What needs to be done: Copy nothing from the entries below except the lines from the one containing "Cute pink lips sticker with tongue in pop art style Cute" through the one containing "Completo con cappuccio", and copy those exactly.

*** Supplied records

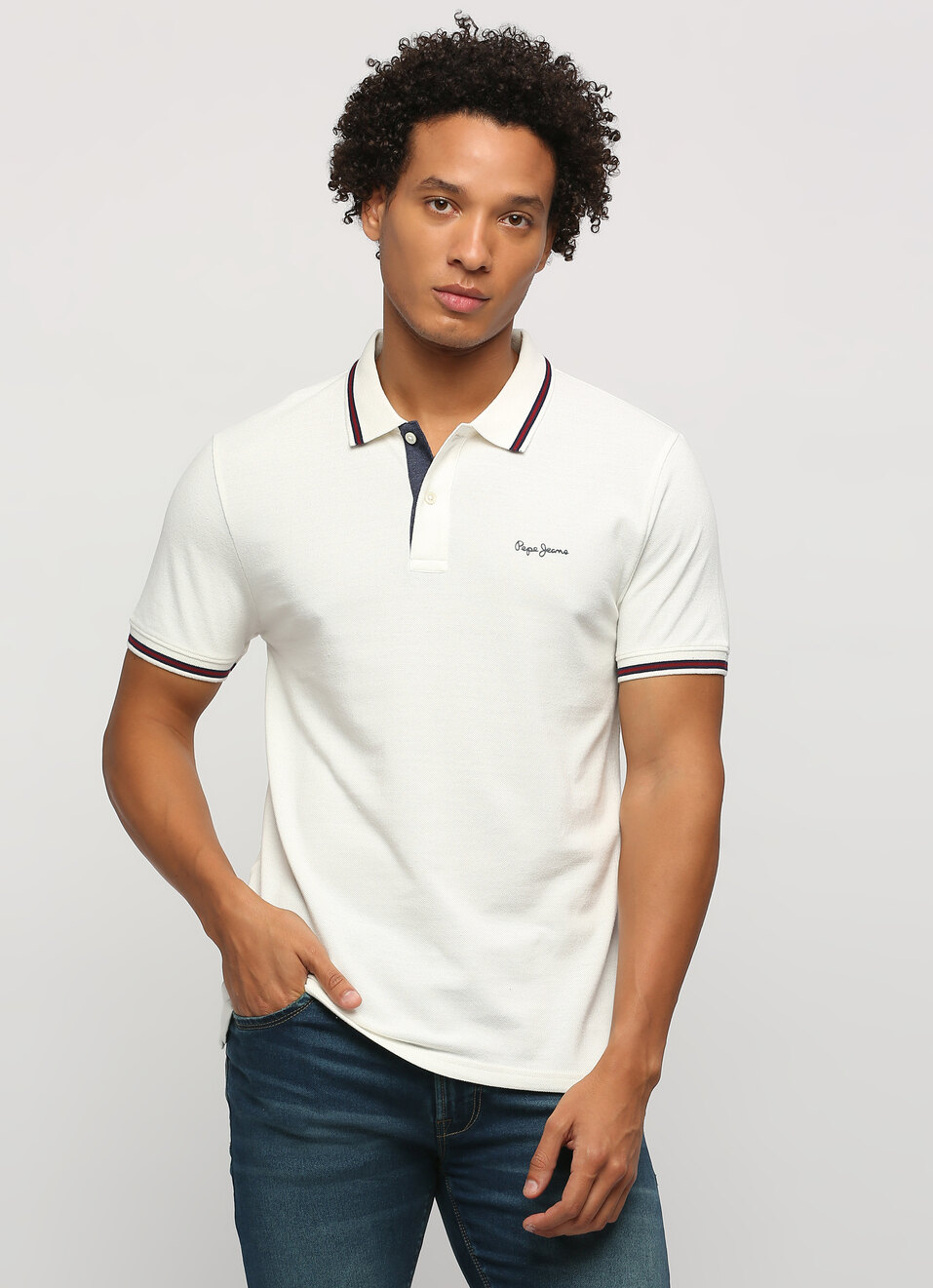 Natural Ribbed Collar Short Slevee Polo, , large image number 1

******
*** Supplied records

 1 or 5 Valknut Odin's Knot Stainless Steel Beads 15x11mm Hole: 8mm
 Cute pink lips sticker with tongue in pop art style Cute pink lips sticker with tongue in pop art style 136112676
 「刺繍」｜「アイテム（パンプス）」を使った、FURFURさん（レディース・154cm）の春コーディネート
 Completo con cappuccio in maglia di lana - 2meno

******

Output:
 Cute pink lips sticker with tongue in pop art style Cute pink lips sticker with tongue in pop art style 136112676
 「刺繍」｜「アイテム（パンプス）」を使った、FURFURさん（レディース・154cm）の春コーディネート
 Completo con cappuccio in maglia di lana - 2meno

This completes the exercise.